Subsequence Matching and Analysis Problems for Formal Languages
Szilárd Zsolt Fazekas, Tore Koß, Florin Manea, Robert Mercaş, Timo Specht
TL;DR
This work studies subsequence-matching and analysis problems for languages given by grammars or automata, extending classical subsequence questions from strings to formal languages. It develops a general decidability framework with two conditions (H1 and H2) that yield decidability for CFLs, while proving undecidability for CSLs, and it provides efficient CFL algorithms for five subsequence-related problems. The results establish REG-like polynomial-time solvability for certain problems and an FPT algorithm in the alphabet size for exist_universal_largerthan_k, along with a polynomial-time method to decide universal-for-all_m and to compute iota_∀; it also introduces deterministic finite automata with translucent letters as an intermediate class with initial decidability/undecidability insights. Finally, it discusses the boundary between decidable and undecidable cases and outlines future work toward intermediate language classes and downward-closure computations for TFAs, aiming to further map the Chomsky-hierarchy landscape in the context of subsequence analysis.
Abstract
In this paper, we study a series of algorithmic problems related to the subsequences occurring in the strings of a given language, under the assumption that this language is succinctly represented by a grammar generating it, or an automaton accepting it.
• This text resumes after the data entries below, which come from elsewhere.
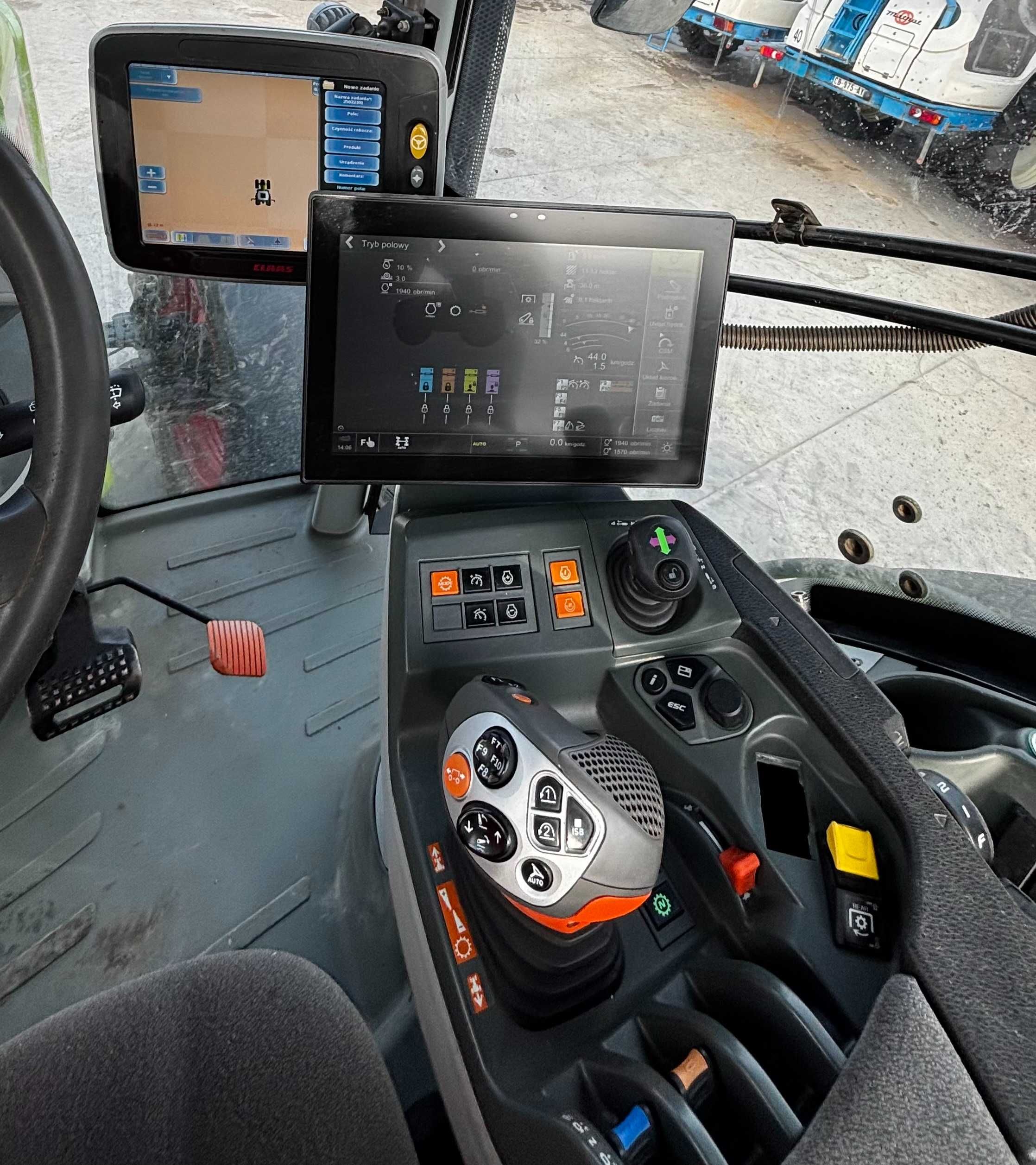 ciągnik Claas AXION 870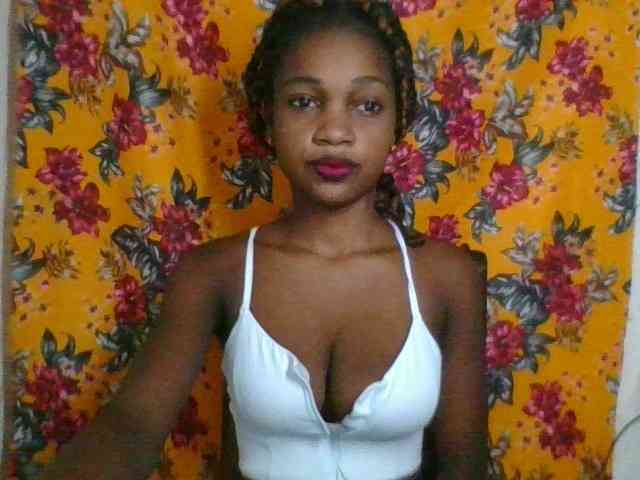 LovelyBlackGirl webcam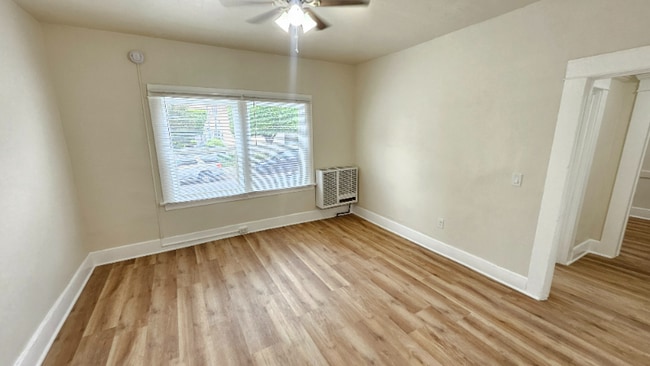 Building Photo - 1330 W 11th St Rental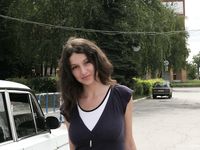 Feet - Jenya + Lena D- 2008-10-05 Barefoot trips to Russian towns. Tula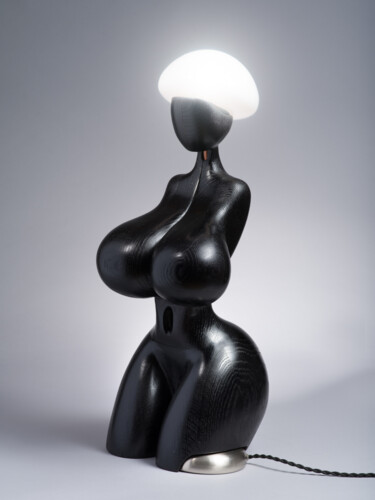 Design intitulada "Buste Chêne Lampe #1" por Corbello, Obras de arte originais, Madeira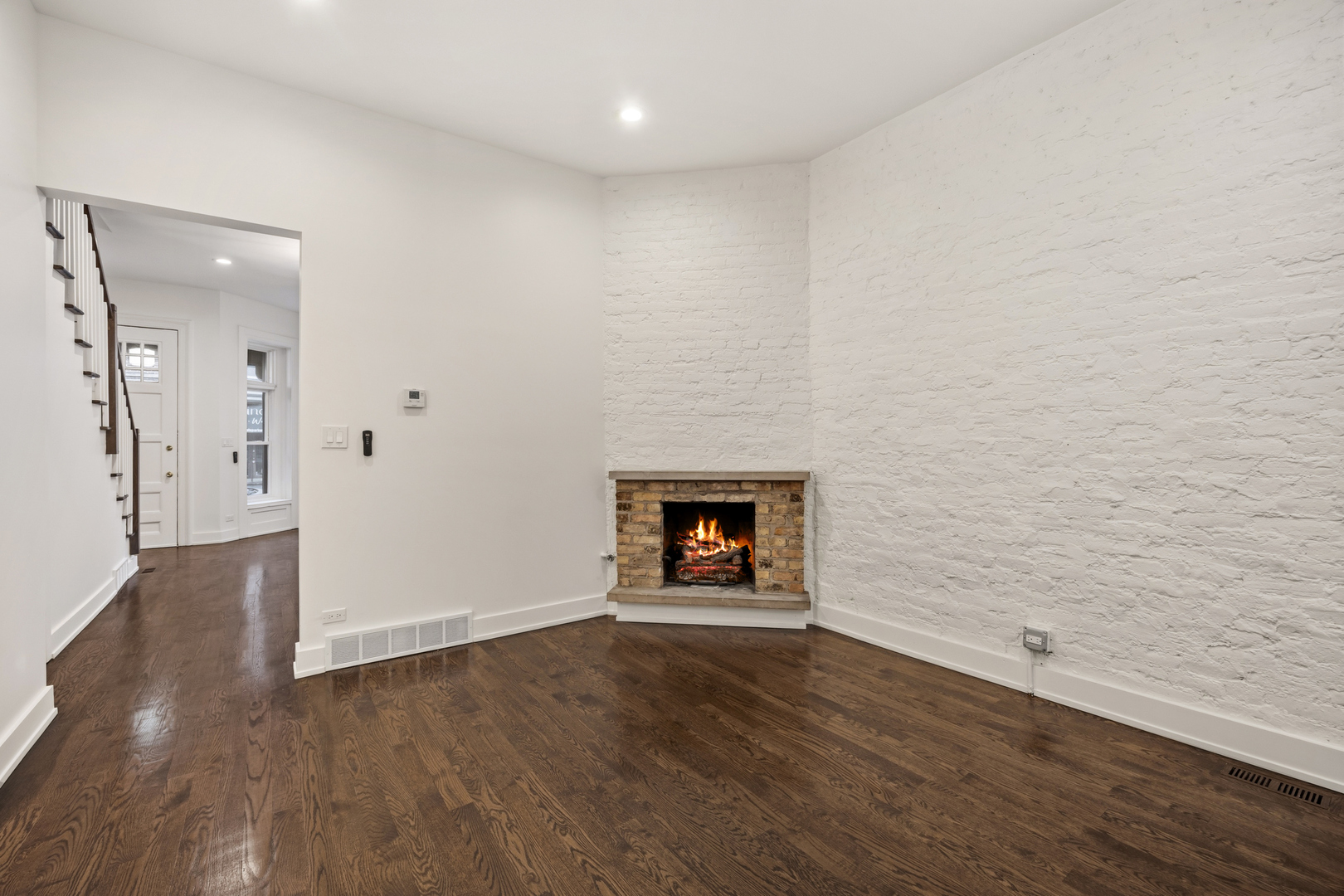 2107 North Clark Street Chicago, IL 60614 - Photo 7 of 39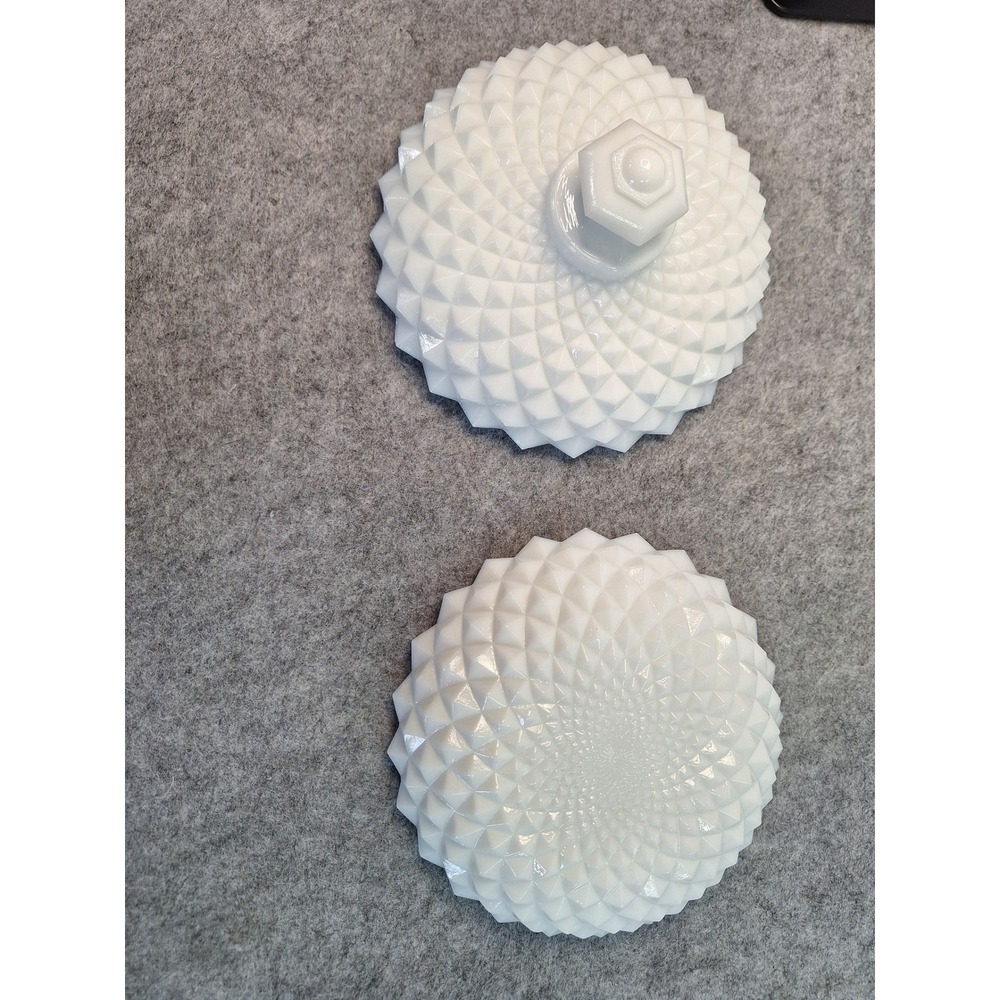 Vintage White Milk Glass Hobnail Diamond Point Lidded Trinket Dish Candy Jar - Picture 5 of 6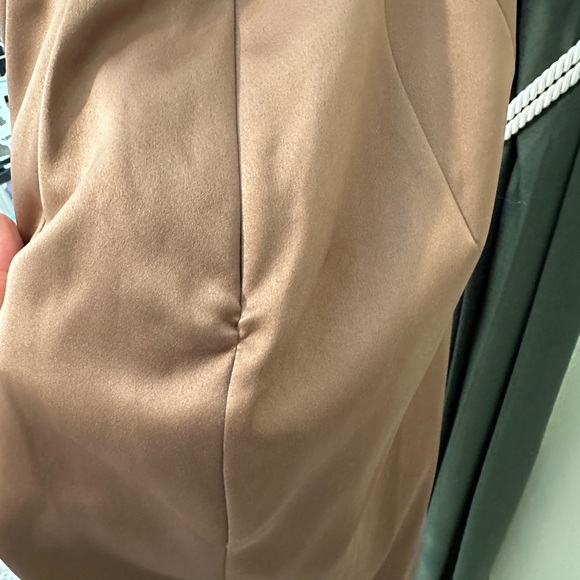 House of CB. Elegant One-Shoulder Brown - Picture 7 of 9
In particular, we focus on the following problems: Given a string $w$ and a language $L$, does there exist a word of $L$ which has $w$ as subsequence? Do all words of $L$ have $w$ as a subsequence? Given an integer $k$ alongside $L$, does there exist a word of $L$ which has all strings of length $k$, over the alphabet of $L$, as subsequences? Do all words of $L$ have all strings of length $k$ as subsequences? For the last two problems, efficient algorithms were already presented in [Adamson et al., ISAAC 2023] for the case when $L$ is a regular language, and efficient solutions can be easily obtained for the first two problems. We extend that work as follows: we give sufficient conditions on the class of input-languages, under which these problems are decidable; we provide efficient algorithms for all these problems in the case when the input language is context-free; we show that all problems are undecidable for context-sensitive languages. Finally, we provide a series of initial results related to a class of languages that strictly includes the regular languages and is strictly included in the class of context-sensitive languages, but is incomparable to the of class context-free languages; these results deviate significantly from those reported for language-classes from the Chomsky hierarchy.